Fig. 1: Electrically-tunable disclination line. | Nature Communications

Fig. 1: Electrically-tunable disclination line.

From: Electrically-tunable positioning of topological defects in liquid crystals

Fig. 1

Left: Schematic of the fabrication procedure showing a cross-section of the LC device. Blue rods show the orientation of liquid crystal molecules, red circles indicate the defect position and red ribbons represent polymer network. a Initially the device is driven into the bend state (V-state) by applying a voltage above Vc, before 2PP-DLW is used to create a polymer wall stabilised in the V-state. b The applied voltage is removed and the device relaxes to the splay state (H-state).
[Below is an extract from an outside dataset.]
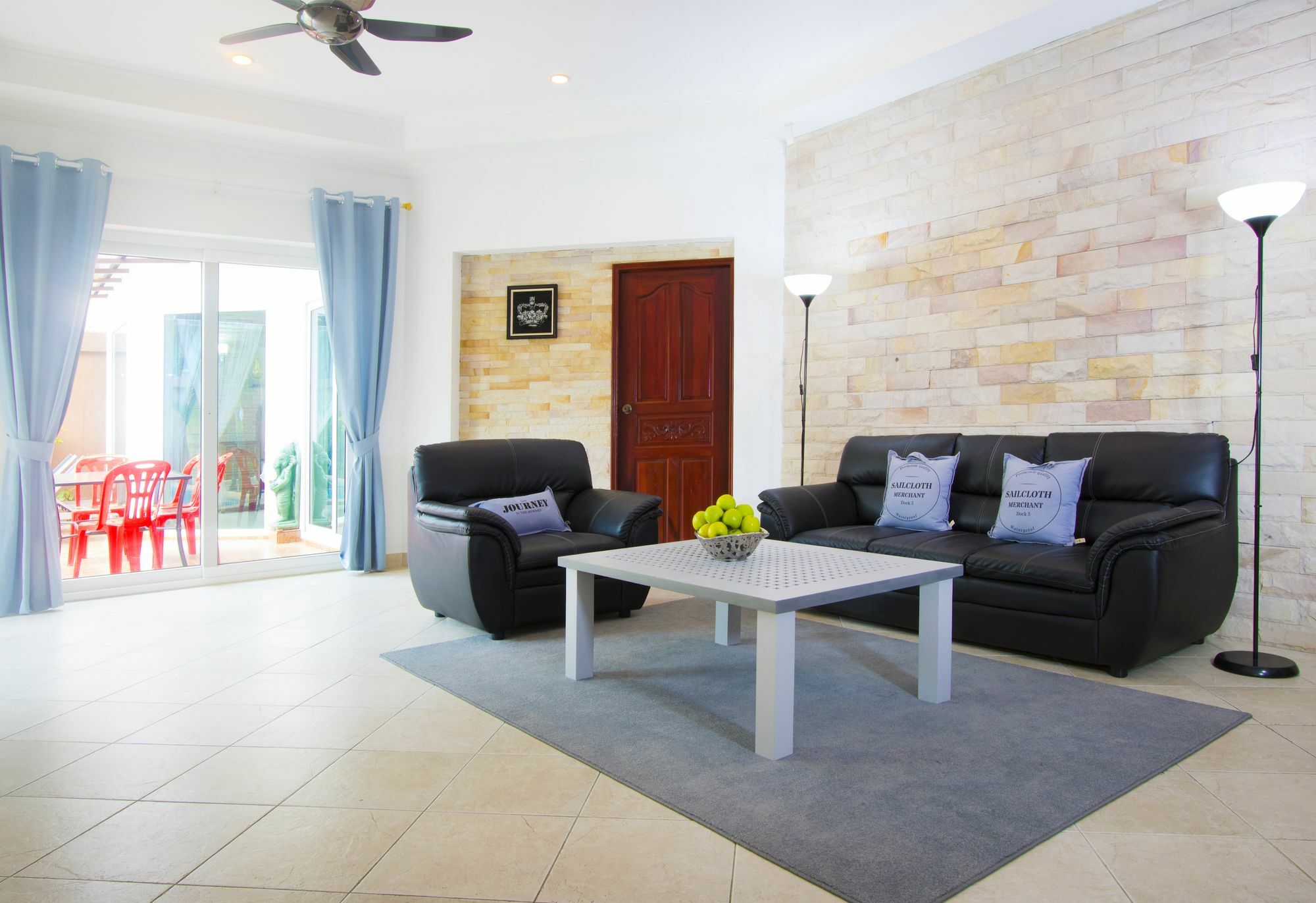 Apartment Majestic Cosy Pattaya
A defect forms next to the V-state wall, separating the topologically discontinuous states. 2PP-DLW is then used to fabricate a polymer-stabilised H-state wall 100 µm from the first wall. c The final configuration of the device, with two parallel polymer-stabilised walls, in the topologically discontinuous H and V states, respectively, separated by a gap of 100 µm. Right: Polarising optical microscopy (POM) images and director profiles showing the dynamics of the tunable disclination line under an applied voltage. Red arrows highlight the position of the defect line in each POM image. d With no voltage applied, the bulk of the device is in the H-state and the defect is adjacent to the V-state wall. eg A voltage above Vc is applied to the device and the defect begins to move across the channel until it meets the H-state wall. hj Removing the voltage causes the V-state to relax into a 180° twisted state (T-state), and the defect moves back across the channel. The H-state grows and moves across the channel with the disclination line at the frontier of the growing domain, until it is impeded by the polymer-stabilised V-state wall.